(Saved entries)
════════════════════

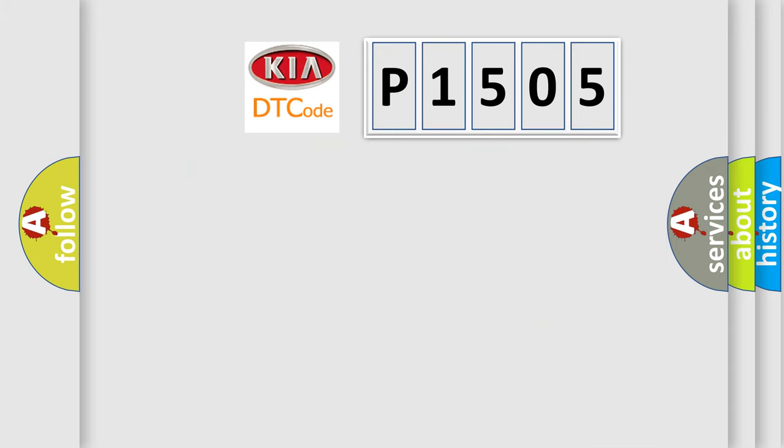So, what does the diagnostic trouble code P1505 interpret specifically for KIA car manufacturers?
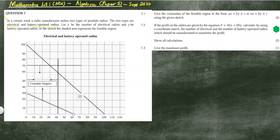One is electrical, meaning you plug the radio into the electrical socket in your household. The second is battery-operated, meaning you need to purchase batteries to operate the radio. Let X be the number of electrical radios, and Y represents the total number of battery-operated radios.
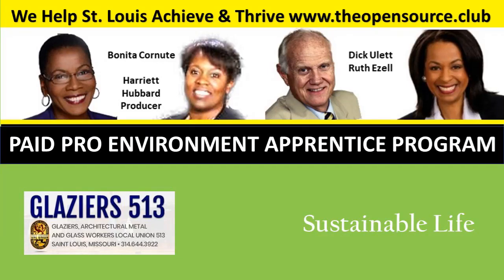This is The OpenSource.Club, a free St. Louis-focused knowledge-share podcast. Through industry experts, entrepreneurs, personal stories, and more, we provide the information you need to achieve and thrive. Always visit our website, TheOpenSource.Club, for more details. Contact us on Facebook, Twitter, or LinkedIn.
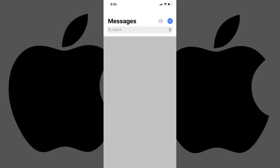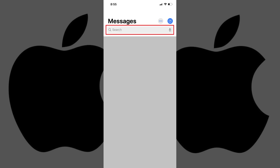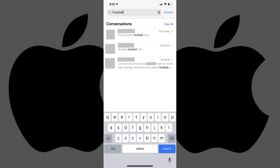Step 1: Tap to launch the Messages app on your iPhone or iPad. The Messages screen appears, displaying all of your iMessage conversations. Step 2: Swipe down from the top of the screen to expose a search field. Step 3: Enter what you want to search through your iMessages for in the search field, and then tap Search.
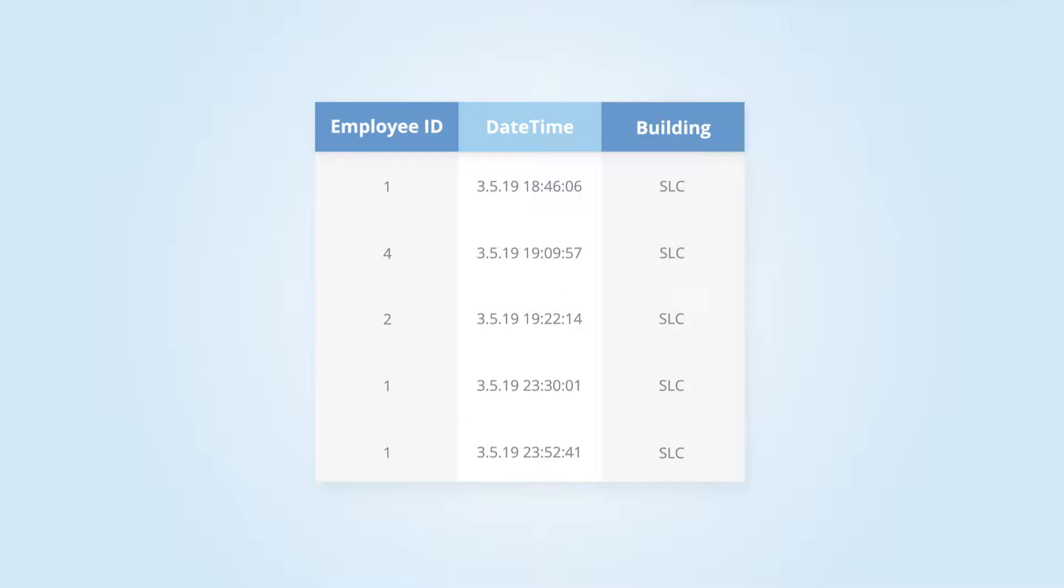The company has noticed that someone has been sneaking in at night and stealing food from the break room. They have a list of IDs and swipe times from the building badge readers, but no names.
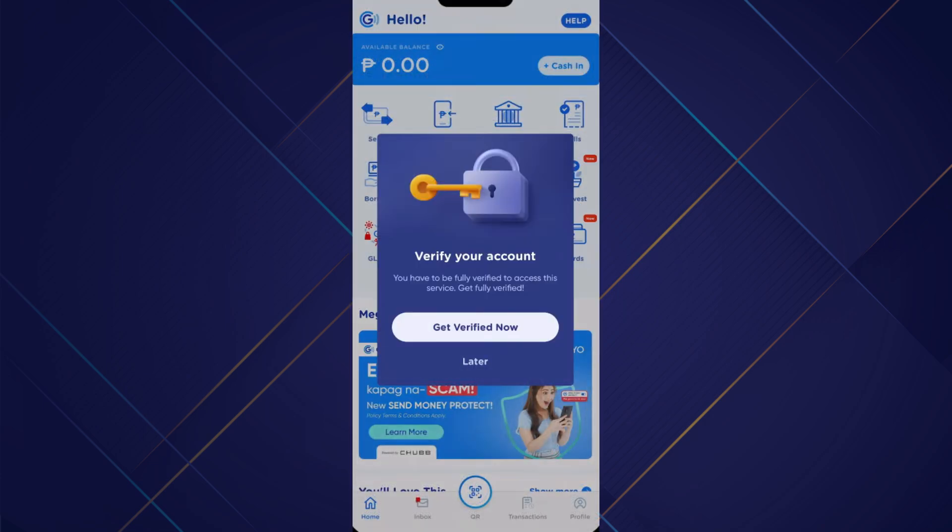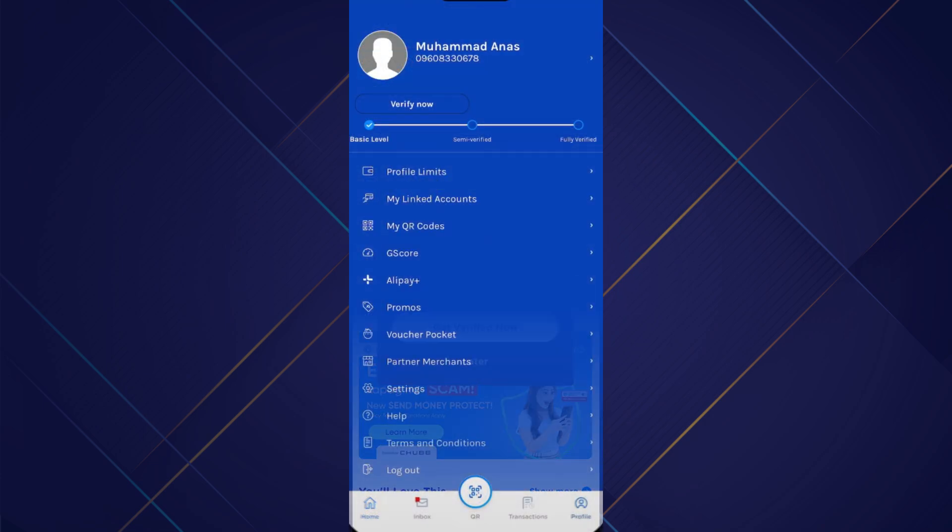Now keep in mind, I don't have a fully verified account. As you can see, I have only a basic level.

════════════════════

- Work instruction:
Except for the pictures, give the data again word for word.

- Result:
So, what does the diagnostic trouble code P1505 interpret specifically for KIA car manufacturers?
One is electrical, meaning you plug the radio into the electrical socket in your household. The second is battery-operated, meaning you need to purchase batteries to operate the radio. Let X be the number of electrical radios, and Y represents the total number of battery-operated radios.
This is The OpenSource.Club, a free St. Louis-focused knowledge-share podcast. Through industry experts, entrepreneurs, personal stories, and more, we provide the information you need to achieve and thrive. Always visit our website, TheOpenSource.Club, for more details. Contact us on Facebook, Twitter, or LinkedIn.
Step 1: Tap to launch the Messages app on your iPhone or iPad. The Messages screen appears, displaying all of your iMessage conversations. Step 2: Swipe down from the top of the screen to expose a search field. Step 3: Enter what you want to search through your iMessages for in the search field, and then tap Search.
The company has noticed that someone has been sneaking in at night and stealing food from the break room. They have a list of IDs and swipe times from the building badge readers, but no names.
Now keep in mind, I don't have a fully verified account. As you can see, I have only a basic level.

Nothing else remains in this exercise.